THE KREMLIN BALL (2012) by Curzio Malaparte is at times brilliant, boring, poetic, philosophical, dull, and intriguing. I wouldn't call it a novel, but more of a travelogue. I can't recommend it, but I didn't dislike it.
Was that paragraph full of contradictions? Well, so is the author. Curzio Malaparte was the pseudonym of Kurt Eric Suckert. So, when “Malaparte,” the character in this novel, tells you everything is true and this actually really happened, maybe you should eat the chicken and spit out the bones.
Yet, frightfully, the part that's real is the thing you wish you could disbelieve.
From 1936 to 1938, Joseph Stalin implemented a campaign of political repression and mass persecution in what was known as The Great Purge. The Purge was characterized by widespread arrests, executions, and deportations of individuals who were perceived as threats to Stalin’s power, including members of the Communist Party, government officials, military leaders, and ordinary citizens.
The Purge was also marked by show trials, where many prominent figures were forced to confess to crimes they did not commit, often under torture or the threat of violence against their families. The purge led to the execution of hundreds of thousands of people and the imprisonment of millions more in labor camps.
Yet, oddly enough, Malaparte places the book in 1929 Moscow, where the Russian Revolution is over, and the Great Purge hasn’t yet happened, but there’s a growing sense of doom.
The book follows journalist Curzio Malaparte as he travels from place to place, meeting real historical Russian rulers and artists in thrall to (and in fear of) Joseph Stalin. The old aristocracy has been replaced, but the new rulers, despite their commitment to communism, remain bourgeoisie to the core.

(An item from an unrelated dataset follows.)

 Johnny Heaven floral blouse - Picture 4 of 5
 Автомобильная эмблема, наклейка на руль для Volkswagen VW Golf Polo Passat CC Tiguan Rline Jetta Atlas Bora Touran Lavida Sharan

“In today’s Soviet Russia, however, one always had a suspicion that people were thinking about something else, that they were dominated by a lofty and fixed idea from which their attention never strayed. And they were tied to that idea like a man condemned to death is tied to the stake, his eyes blindfolded, his hands bound behind his back.“
There's brilliance, but your mileage may vary.